(Yesterday, 9:41 am)Andreos1 wrote Take cars off the road and the bus lanes dont need to exist.
Making life difficult for car drivers doesn't encourage the modal switch.
If operators can get the basic, fundamentals right, then passengers will make the switch back to public transport.
The reason people switched to cars, was because buses didn't work for them. Not because there wasn't a bus lane.
Ridership has been declining for decades. And it's not because there wasn't a bus lane.
The correlation between increase in car usage and decline in passenger numbers is clear to see. The introduction and growth of bus priority measures hasn't stemmed the decline.
No disrespect, but that is a very idealised way of looking at thing. The bus is not the answer to every car journey - not should it be.
I really don’t want to give a history lesson either, but bus use plummeted between the 50s and 80s as car ownership grew. A period some nostalgically call the halcyon days of British bus! (ha). It’s worth remembering that having a car back then was a status symbol, like owning a colour TV or a washing machine - something we all have today.

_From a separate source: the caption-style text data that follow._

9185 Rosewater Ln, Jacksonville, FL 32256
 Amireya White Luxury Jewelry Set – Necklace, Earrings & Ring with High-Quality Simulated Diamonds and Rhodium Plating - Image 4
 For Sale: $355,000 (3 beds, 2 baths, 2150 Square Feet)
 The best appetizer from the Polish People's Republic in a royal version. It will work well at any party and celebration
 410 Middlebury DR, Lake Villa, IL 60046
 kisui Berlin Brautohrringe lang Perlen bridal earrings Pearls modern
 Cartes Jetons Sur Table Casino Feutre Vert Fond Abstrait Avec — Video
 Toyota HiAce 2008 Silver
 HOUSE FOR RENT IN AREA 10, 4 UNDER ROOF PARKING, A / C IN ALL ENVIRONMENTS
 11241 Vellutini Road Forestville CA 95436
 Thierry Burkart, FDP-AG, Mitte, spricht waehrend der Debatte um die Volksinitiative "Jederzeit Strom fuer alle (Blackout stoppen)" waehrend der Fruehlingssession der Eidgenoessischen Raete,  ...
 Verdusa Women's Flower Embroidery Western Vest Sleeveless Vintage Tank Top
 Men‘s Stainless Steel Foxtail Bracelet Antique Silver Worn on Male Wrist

For aspirational folk of the 60s and 70s, the implicit message was clear: why share a bus with others when you can drive yourself and your family? And that mindset stuck. Use a bus in some of our less salubrious areas today and I'd agree with that sentiment. if you owned a car, why would you go back to the bus?
As car use increased through the 70s and 80s, buses became slower and less reliable, triggering the vicious cycle of passengers abandoning them.
Bus priority measures only really emerged outside London from the 90s, but car use had already exploded over the previous four decades. Perhaps our forefathers should have introduced priority earlier, giving buses the reliability they needed instead of letting them sit in traffic for 40+ years without doing anything to help speed bus journeys.